Required action: Only one stretch of the data below is needed. Output the lines from the one with "李智凱示範三星摺疊機Galaxy Z Flip6的即時翻譯功能。（吳松翰攝）" up to and including the one with "Trung tâm Bảo", exactly as they stand.

Available data:
==================================================

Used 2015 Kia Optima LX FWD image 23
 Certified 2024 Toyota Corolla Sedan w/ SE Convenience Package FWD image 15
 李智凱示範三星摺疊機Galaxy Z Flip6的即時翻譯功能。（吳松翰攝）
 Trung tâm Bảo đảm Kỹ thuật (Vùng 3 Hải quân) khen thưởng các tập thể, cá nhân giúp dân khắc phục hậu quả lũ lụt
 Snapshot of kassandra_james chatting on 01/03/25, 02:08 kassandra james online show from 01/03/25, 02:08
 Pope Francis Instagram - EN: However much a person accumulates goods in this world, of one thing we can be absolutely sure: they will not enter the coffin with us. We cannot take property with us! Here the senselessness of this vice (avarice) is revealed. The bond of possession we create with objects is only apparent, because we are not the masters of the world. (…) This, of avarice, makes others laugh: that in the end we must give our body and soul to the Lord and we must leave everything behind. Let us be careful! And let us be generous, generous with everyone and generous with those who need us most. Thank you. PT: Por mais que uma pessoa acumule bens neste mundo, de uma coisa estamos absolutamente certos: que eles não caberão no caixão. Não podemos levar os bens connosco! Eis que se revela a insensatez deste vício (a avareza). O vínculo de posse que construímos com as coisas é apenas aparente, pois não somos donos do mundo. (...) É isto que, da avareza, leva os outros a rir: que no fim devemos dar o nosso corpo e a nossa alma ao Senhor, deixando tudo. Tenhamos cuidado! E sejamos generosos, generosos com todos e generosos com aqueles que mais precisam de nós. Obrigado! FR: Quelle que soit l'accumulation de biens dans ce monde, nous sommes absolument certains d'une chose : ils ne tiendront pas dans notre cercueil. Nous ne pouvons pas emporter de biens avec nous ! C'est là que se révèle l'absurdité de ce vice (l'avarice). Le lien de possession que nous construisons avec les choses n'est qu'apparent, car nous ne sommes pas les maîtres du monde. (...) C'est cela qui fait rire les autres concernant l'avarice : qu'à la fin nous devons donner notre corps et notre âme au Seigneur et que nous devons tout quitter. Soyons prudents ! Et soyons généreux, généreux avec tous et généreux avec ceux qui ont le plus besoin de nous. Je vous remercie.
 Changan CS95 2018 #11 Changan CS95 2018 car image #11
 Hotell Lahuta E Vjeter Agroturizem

==================================================

Response area:
 李智凱示範三星摺疊機Galaxy Z Flip6的即時翻譯功能。（吳松翰攝）
 Trung tâm Bảo đảm Kỹ thuật (Vùng 3 Hải quân) khen thưởng các tập thể, cá nhân giúp dân khắc phục hậu quả lũ lụt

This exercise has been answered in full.